Iran has repeatedly refused to halt nuclear activities that the West suspects are aimed at making bombs, but which Tehran says are to generate electricity so that it can export more oil.
"We have this expectation that you [the United States] take a fair and wise step so that Iran's [nuclear] rights would not be violated," Rafsanjani told worshippers at Friday Prayers.
If that happens, the United States "would be able to help the people of this region with the companionship and cooperation of Iran so that we solve the region's problems," he said in the sermon at Tehran University broadcast live on state radio.
"If you don't, history will make the same judgment about you as it did about Mr.
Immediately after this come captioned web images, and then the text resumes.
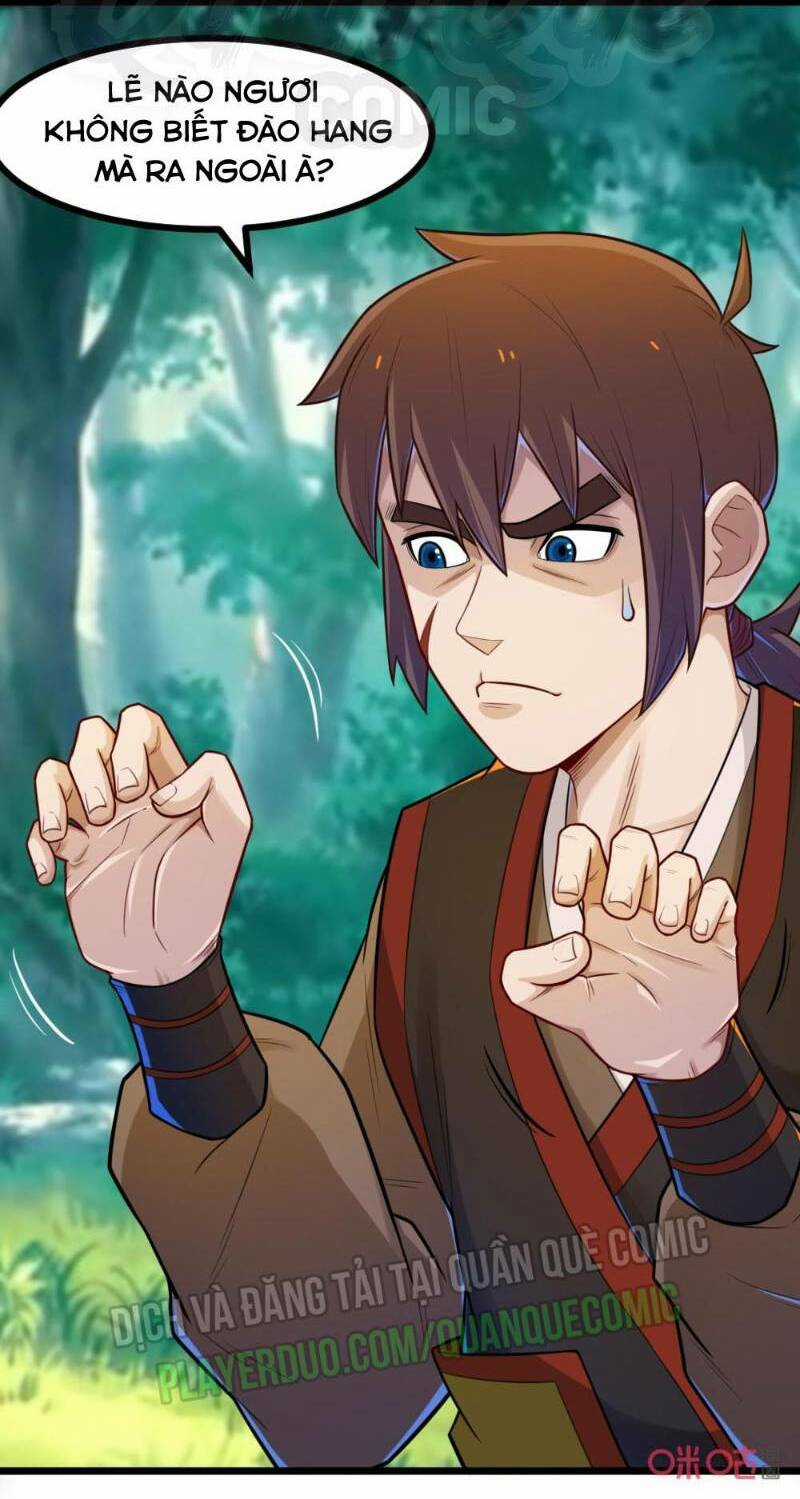 Tu Tiên Cuồng Thần Chapter 55 trang 24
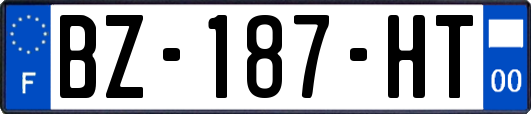 BZ-187-HT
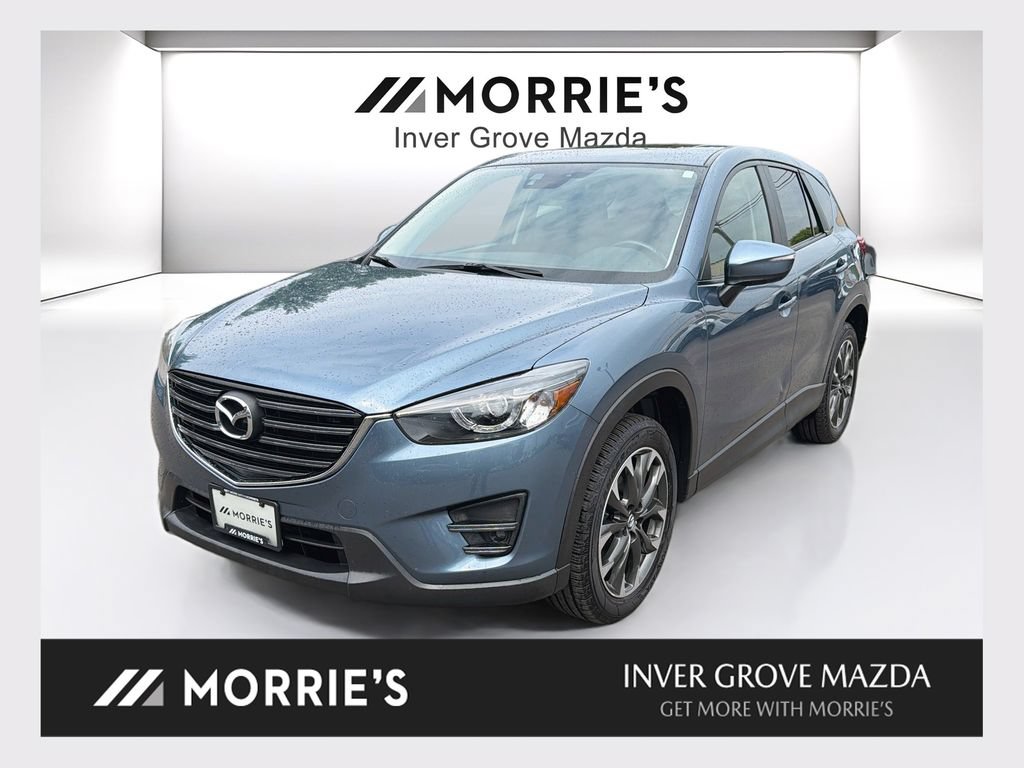Used 2016 MAZDA CX-5 Grand Touring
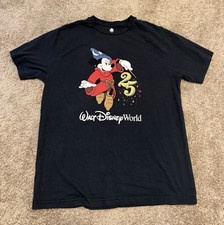 Walt Disney World 25th Anniversary Collector Plate - Sorcerer Mickey & Friends — listing 4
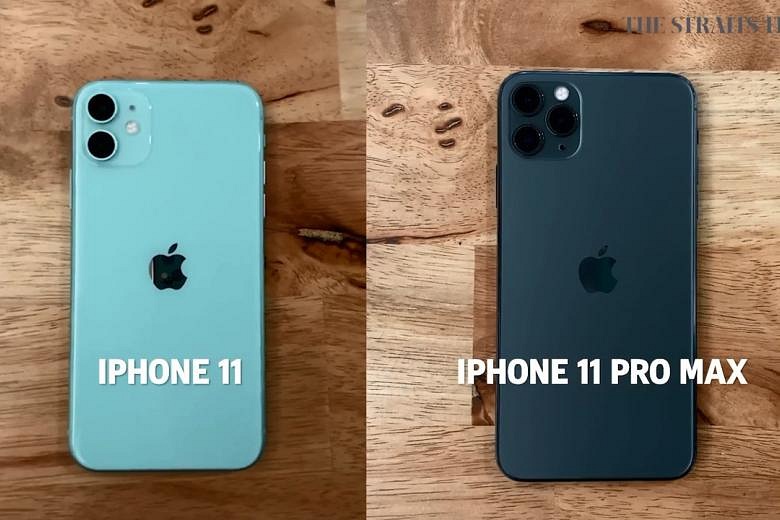 Tech review: Should you get Apple iPhone 11 or iPhone 11 Pro Max? | The ...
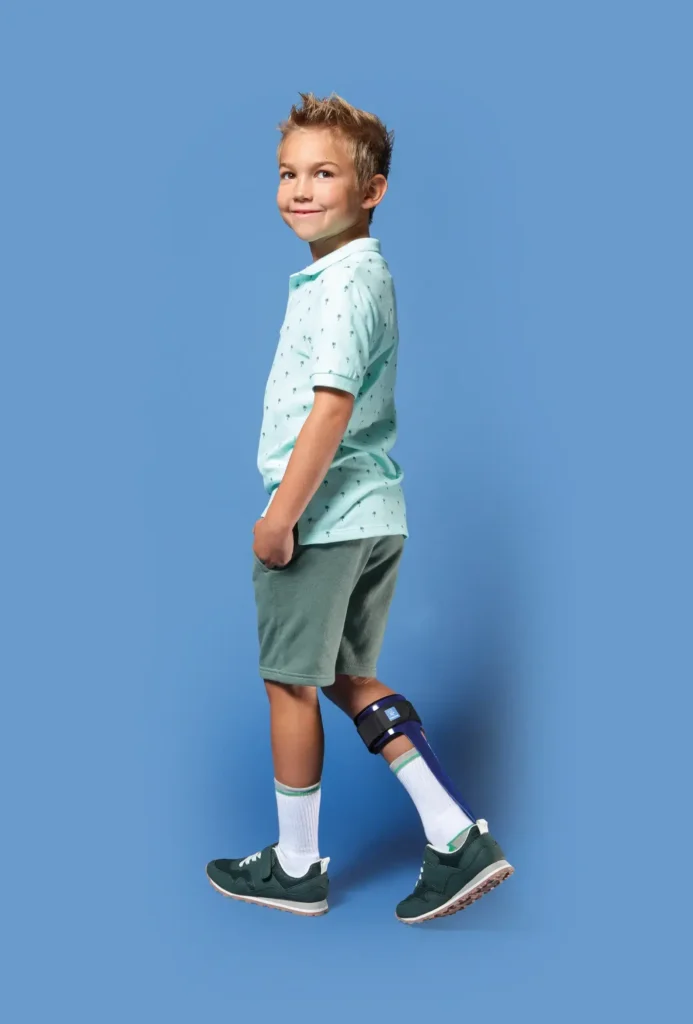 ORTHÈSE Sprystep Pediatric Thuasne – Image 2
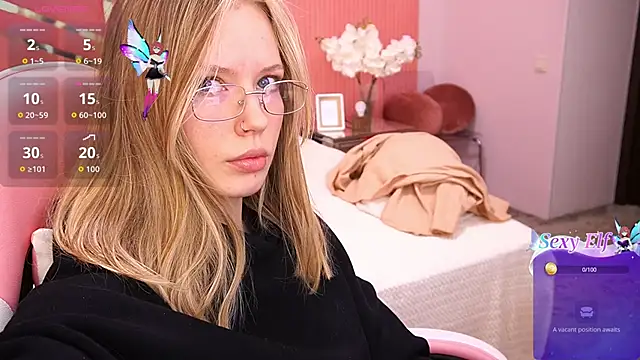 MollyyMayy online show from 04.20.26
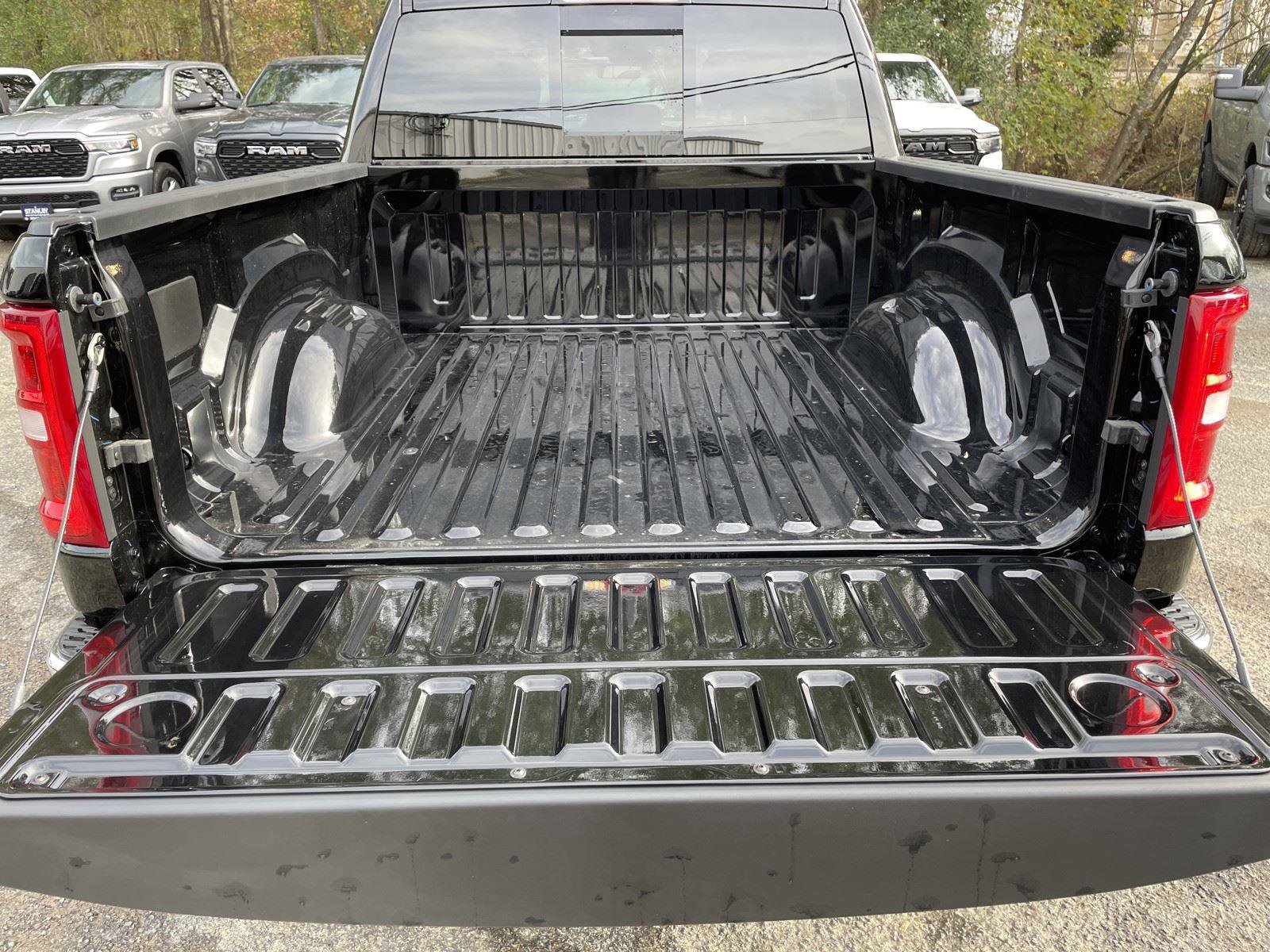 New 2025 RAM 1500 Tradesman RWD image 41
Bush," said Rafsanjani, a pragmatic conservative who lost the 2005 presidential election to Mahmud Ahmadinejad and who now heads a powerful arbitration body, the Assembly of Experts.
George W. Bush always insisted that all options, including military action, remained open in dealing with Iran, though he said he was seeking a diplomatic solution.
Iran says it is prepared to defend the country if attacked.
Obama's spokesman Robert Gibbs said on January 29 that the United States "must use all elements of our national power to protect our interests as it relates to Iran."
Rafsanjani said that repeating Bush's statements would not solve anything in relations between the two countries, which have not had diplomatic ties for three decades.
"When you say that all options, even military, are on the table, when you say that Iran should suspend its nuclear program if it wants to end its isolation...when you make threats and give unclear and impractical promises, this can't be," Rafsanjani said.
"You should make a clear stance. We still have this expectation because of the expectations that you yourself created in your election campaign," he said.